Xavier is looking up at a building that is 123 meters away from him, at an angle of elevation of 52What is the building's height above Xavier's eye level , x, and the distance between Xavier and the top of the building (point ) x = 199.79m and y = 157.43m; x = 96.1m and y = 156.09m; x = 157.43m and y = 98.26m; x = 157.43m and y = 199.79m
In this problem, we have a right triangle formed with Xavier's eye level, the top of the building, and a point on the ground directly below Xavier. The distance between Xavier's eye level and the top of the building is the height we are looking for, and the distance between Xavier and the top of the building is the hypotenuse of the triangle.

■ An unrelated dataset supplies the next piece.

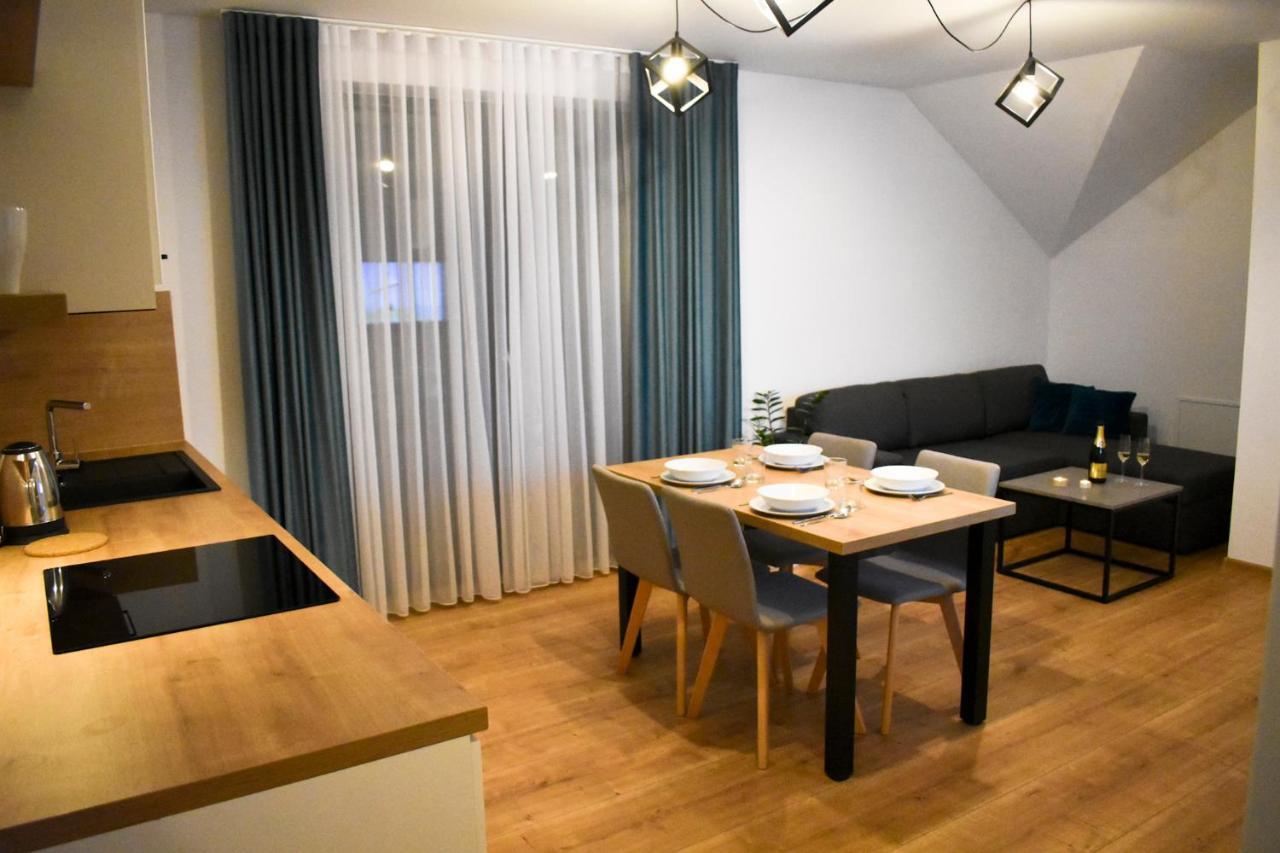 Apartmany Runi Stará Lesná Zewnętrze zdjęcie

Using trigonometry, we can determine the height of the building.
Let's consider the first set of coordinates: x = 199.79m and y = 157.43m.
The height (h) of the building can be calculated using the tangent function:
tan(angle) = h / x
tan(52) = h / 199.79
h = 199.79 * tan(52)
h ≈ 199.79 * 1.2826
h ≈ 256.39m
Therefore, the height of the building above Xavier's eye level is approximately 256.39 meters.

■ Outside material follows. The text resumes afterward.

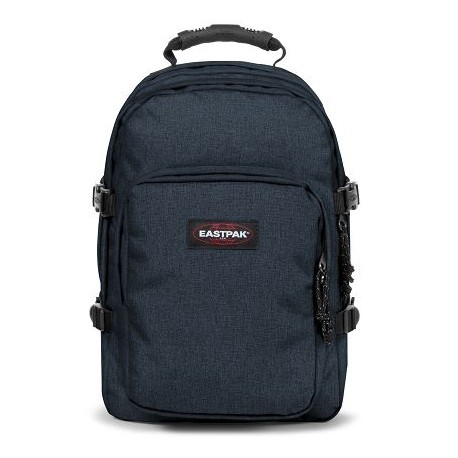 EASTPAK SAC A DOS PROVIDER TRIPLE DENIM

To find the distance between Xavier and the top of the building (point P), we can use the Pythagorean theorem.
Using the second set of coordinates: x = 96.1m and y = 156.09m.
We can let the distance between Xavier and point P be d.
Using the Pythagorean theorem:
d^2 = x^2 + y^2
d^2 = 96.1^2 + 156.09^2
d^2 ≈ 9243.21 + 24329.2481
d^2 ≈ 33572.4581
d ≈ √(33572.4581)
d ≈ 183.25m
Therefore, the distance between Xavier and the top of the building (point P) is approximately 183.25 meters.
This process can be repeated for the other sets of coordinates to find the respective results.